Praying Commonly: Take the Challenge

lec·tion·ar·y
ˈlekSHəˌnerē/
noun
  1. a list or book of portions of the Bible appointed to be read at a church service.

Westside Christian Fellowship began using the Presbyterian lectionary several years ago when PastorK wanted to get us all on the same page reading scripture together.  Are we Presbyterian?  Nope.  He admits he chose almost at random, probably because he had the Presbyterian Book of Common Prayer on his shelf.  Either way, it's been a few years.  We started out listing all the readings on our website and then the Presbyterians came out with this handy app (iOS/android) that thankfully ended that feat.  (Shout out to Bob Marshall who came into the office every week to type out those readings.)
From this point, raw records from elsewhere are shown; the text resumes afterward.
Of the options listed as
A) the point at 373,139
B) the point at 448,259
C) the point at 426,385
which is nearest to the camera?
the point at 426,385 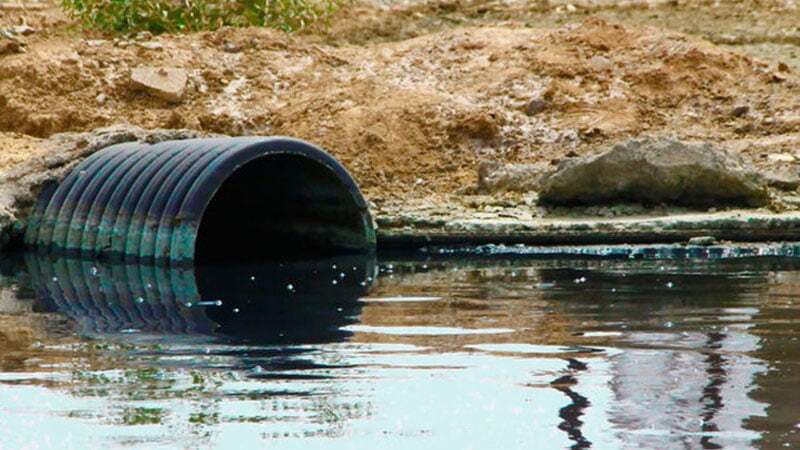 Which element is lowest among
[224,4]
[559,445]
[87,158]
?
[559,445]

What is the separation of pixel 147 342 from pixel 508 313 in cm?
166

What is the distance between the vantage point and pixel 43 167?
454 inches

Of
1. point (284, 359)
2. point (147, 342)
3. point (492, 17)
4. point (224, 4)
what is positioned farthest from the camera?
point (492, 17)

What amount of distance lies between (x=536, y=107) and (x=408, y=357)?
7.28 metres

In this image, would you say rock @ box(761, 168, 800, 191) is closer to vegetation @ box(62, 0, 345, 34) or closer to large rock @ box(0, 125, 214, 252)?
large rock @ box(0, 125, 214, 252)

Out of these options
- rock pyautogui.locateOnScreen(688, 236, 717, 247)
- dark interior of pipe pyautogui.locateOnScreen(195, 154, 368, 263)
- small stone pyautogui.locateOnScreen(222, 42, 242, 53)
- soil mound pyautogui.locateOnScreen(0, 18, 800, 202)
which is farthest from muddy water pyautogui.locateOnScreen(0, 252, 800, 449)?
small stone pyautogui.locateOnScreen(222, 42, 242, 53)

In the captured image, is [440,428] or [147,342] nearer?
[440,428]

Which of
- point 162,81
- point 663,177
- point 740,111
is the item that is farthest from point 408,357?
point 162,81

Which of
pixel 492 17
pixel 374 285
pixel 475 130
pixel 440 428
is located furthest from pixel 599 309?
pixel 492 17

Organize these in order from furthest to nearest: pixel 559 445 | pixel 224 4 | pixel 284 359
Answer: pixel 224 4 → pixel 284 359 → pixel 559 445

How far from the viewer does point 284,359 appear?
687cm

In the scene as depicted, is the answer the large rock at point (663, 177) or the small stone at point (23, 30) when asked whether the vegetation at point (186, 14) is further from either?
the large rock at point (663, 177)

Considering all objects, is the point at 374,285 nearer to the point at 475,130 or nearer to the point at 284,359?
the point at 284,359

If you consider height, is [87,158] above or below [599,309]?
above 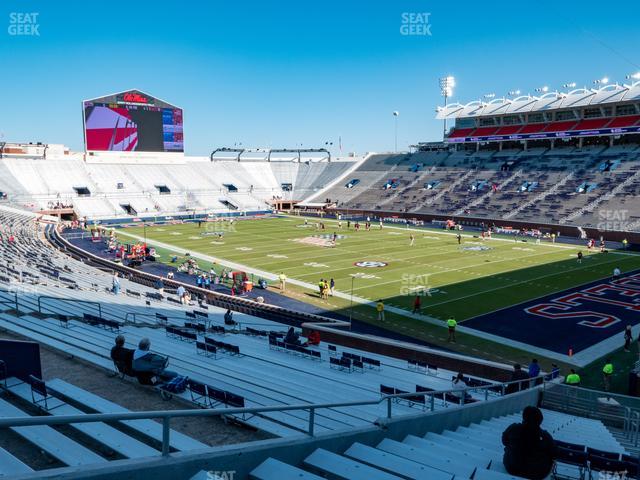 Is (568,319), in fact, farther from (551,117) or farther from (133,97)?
(133,97)

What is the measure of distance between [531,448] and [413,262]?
32.7 m

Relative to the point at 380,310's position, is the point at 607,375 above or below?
below

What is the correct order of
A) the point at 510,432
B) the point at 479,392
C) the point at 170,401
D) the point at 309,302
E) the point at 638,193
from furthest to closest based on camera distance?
the point at 638,193 → the point at 309,302 → the point at 479,392 → the point at 170,401 → the point at 510,432

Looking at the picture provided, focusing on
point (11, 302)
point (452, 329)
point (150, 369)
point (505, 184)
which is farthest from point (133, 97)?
point (150, 369)

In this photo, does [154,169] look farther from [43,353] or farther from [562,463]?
[562,463]

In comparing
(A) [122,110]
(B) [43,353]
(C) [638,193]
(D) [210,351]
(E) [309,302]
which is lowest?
(E) [309,302]

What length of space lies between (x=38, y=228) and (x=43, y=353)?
44.4m

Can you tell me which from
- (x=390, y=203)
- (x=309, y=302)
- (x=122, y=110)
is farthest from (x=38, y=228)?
(x=390, y=203)

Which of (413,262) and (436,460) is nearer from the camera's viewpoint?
(436,460)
If you aren't familiar with a lectionary (I wasn't), it's simply a Bible reading schedule including some repeated phrases to give it form and written prayers.  After using it for a few years, I have a confession...my prayer life has changed, and I love it.

Flash back to teen years:

As a kid I LOVED alone time, was uber passionate about EVERYTHING, and could daydream my way through the longest summer day with the best of them.  I'd sit on the carpet in my room looking out the window (Because then you couldn't see the other houses and therefore it was easier to imagine I was an innkeeper in the middle ages taking a break between another round of bread and ale for my guests.  Duh.) and fill notebooks with my prayers to God.  I'd ramble.  I'd dream.  In those black and white composition notebooks I'd pour out my heart.

When life picked up speed and there wasn't the time to linger in front of a window, I admittedly didn't know how to pray.  How do you have a good conversation with God while in the midst of so much...LIFE?  As I matured my daydream prayers didn't come as naturally, or feel as honest or appropriate.  Most of my prayers became requests - for myself and others.
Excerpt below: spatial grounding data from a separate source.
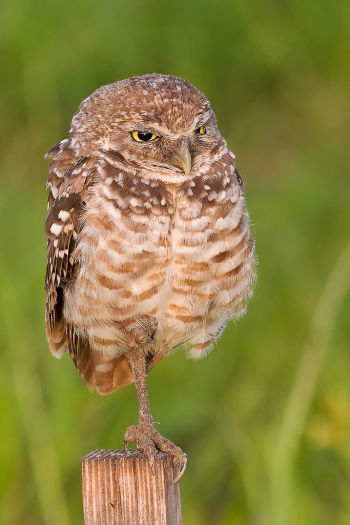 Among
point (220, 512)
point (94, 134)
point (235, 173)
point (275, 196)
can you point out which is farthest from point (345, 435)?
point (275, 196)

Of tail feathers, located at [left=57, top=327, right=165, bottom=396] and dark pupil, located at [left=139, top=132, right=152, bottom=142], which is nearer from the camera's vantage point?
dark pupil, located at [left=139, top=132, right=152, bottom=142]

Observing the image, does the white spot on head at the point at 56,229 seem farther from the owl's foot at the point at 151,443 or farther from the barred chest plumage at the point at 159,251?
the owl's foot at the point at 151,443

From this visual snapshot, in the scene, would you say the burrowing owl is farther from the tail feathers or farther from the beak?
the tail feathers

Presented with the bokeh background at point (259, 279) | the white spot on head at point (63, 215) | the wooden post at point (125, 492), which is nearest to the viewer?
the wooden post at point (125, 492)

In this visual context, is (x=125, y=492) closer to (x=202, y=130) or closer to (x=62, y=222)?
(x=62, y=222)

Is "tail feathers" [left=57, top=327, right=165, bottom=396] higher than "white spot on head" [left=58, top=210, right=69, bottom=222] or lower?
lower

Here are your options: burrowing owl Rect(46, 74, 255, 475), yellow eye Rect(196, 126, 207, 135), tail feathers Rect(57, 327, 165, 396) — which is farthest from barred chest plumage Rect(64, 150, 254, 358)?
tail feathers Rect(57, 327, 165, 396)

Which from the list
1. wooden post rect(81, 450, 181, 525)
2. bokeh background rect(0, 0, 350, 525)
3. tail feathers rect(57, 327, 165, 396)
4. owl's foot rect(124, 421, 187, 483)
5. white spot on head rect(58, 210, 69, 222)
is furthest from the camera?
bokeh background rect(0, 0, 350, 525)

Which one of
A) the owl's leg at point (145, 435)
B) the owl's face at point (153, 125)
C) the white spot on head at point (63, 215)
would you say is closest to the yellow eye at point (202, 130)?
the owl's face at point (153, 125) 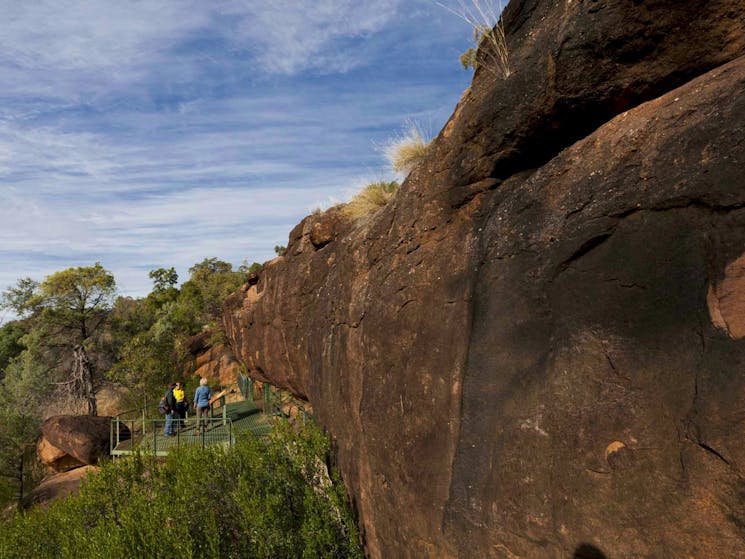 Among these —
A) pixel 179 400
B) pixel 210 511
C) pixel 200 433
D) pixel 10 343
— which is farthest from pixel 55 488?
pixel 10 343

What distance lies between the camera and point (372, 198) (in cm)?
961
It wasn't long before my prayers settled into the comfortable Thanks, Help, Wow  as Anne Lamott says.  These aren't bad prayers, in fact - they're what we see most of in the Bible.  However, and maybe you're with me.  I got tired of me.  Tired of me-centered praying.  It began to rub me the wrong way. 

Have you ever had that experience in a conversation where you realize for the last ten minutes you've been talking about yourself, completely forgetting that you're actually in conversation with another person?


Do your prayers ever sound that way?  Can you relate?

Enter the lectionary.

Each day of the lectionary includes written prayers for morning and evening.  Written by someone else, they took my out of my natural prayer language.  It was very uncomfortable at first.  I'd read them and then think, "Well, now I have to pray still, because that wasn't MY prayer.  That's not what I would say."  Then I had to ask myself why it wasn't what I would say.  Hmm....  Good question.  The Lord's Prayer isn't exactly what I'd say either.  Hmmm...  Now we're getting somewhere.


14 Week Prayer Challenge

I'm issuing a challenge.  Join me for the next 14 weeks in praying with the lectionary.  Experience prayer of a different voice.  If you miss a day, a week - no biggie, the point is - TRY.  If you don't have the app - download it today!  Get praying!  Start with morning or evening, doesn't matter to me, but dive in so you know what we're talking about.

We'll spend the next 14 weeks examining these prayers together and seeing what's unexpected, how they prompt us, how we can take them off the page and into our lives.  I'd love to hear your thoughts along the way, so please comment - it makes a big difference in turning this into an actual conversation :)

If you aren't a techie person, or if you have a phone obsessed kid like I do (already at the age of 18mos. agh!!!!), or you love the feel of paper and a hardback book makes you smile (hello, friend) you can purchase the Book of Common Prayer - starting page 496. 

So gear up, because we start on Monday!  Who's in?